The Siwa Oasis (Arabic: واحة سيوة, Wāḥat Sīwah, IPA: [ˈwæːħet ˈsiːwæ]; Berber: ⵉⵙⵉⵡⴰⵏ, Isiwan) is an oasis in Egypt, between the Qattara Depression and the Egyptian Sand Sea in the Western Desert, nearly 50 km (30 mi) east of the Libyan border, and 560 km (348 mi) from Cairo.
About 80 km (50 mi) in length and 20 km (12 mi) wide, Siwa Oasis is one of Egypt's most isolated settlements, with 23,000 people, mostly Berbers who developed a unique culture and a distinct language of the Berber family called Siwi.
Its fame lies primarily in its ancient role as the home to an oracle of Ammon, the ruins of which are a popular tourist attraction which gave the oasis its ancient name Ammonium. Historically, it is part of Ancient Libya.

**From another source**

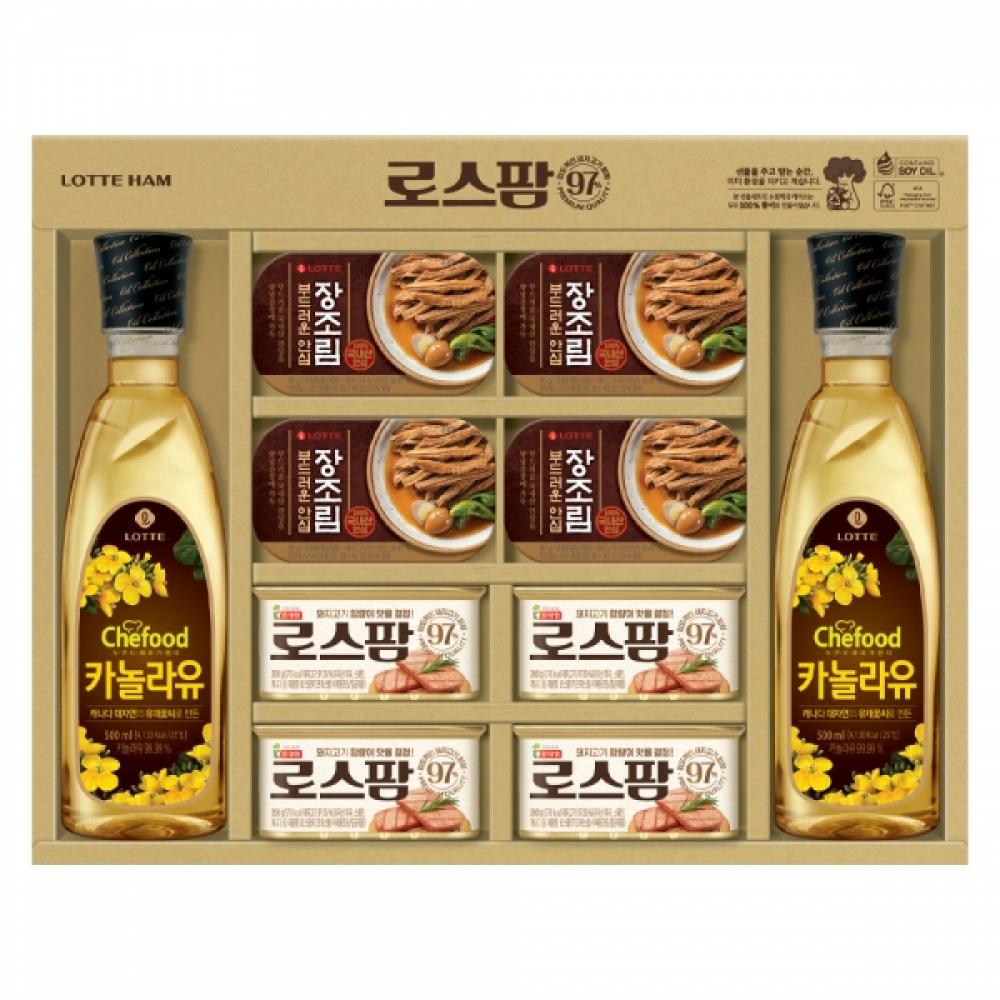 명절선물세트 롯데푸드 카놀라유 로스팜 장조림 3호 햄 스팸 선물세트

Although the oasis is known to have been settled since at least the 10th millennium BC, the earliest evidence of connection with ancient Egypt is the 26th Dynasty, when a necropolis was established. During the Ptolemaic period of Egypt its ancient Egyptian name was sḫ.t-ỉm3w, "Field of Trees". Greek settlers at Cyrene made contact with the oasis around the same time (7th century BC), and the oracle temple of Amun (Greek: Zeus Ammon), who, Herodotus was told, took the image here of a ram. Herodotus knew of a "fountain of the Sun" that ran coldest in the noontide heat. During his campaign to conquer the Persian Empire, Alexander the Great reached the oasis, supposedly by following birds across the desert. The oracle, Alexander's court historians alleged, confirmed him as both a divine personage and the legitimate Pharaoh of Egypt, though Alexander's motives in making the excursion, following his founding of Alexandria, remain to some extent inscrutable and contested.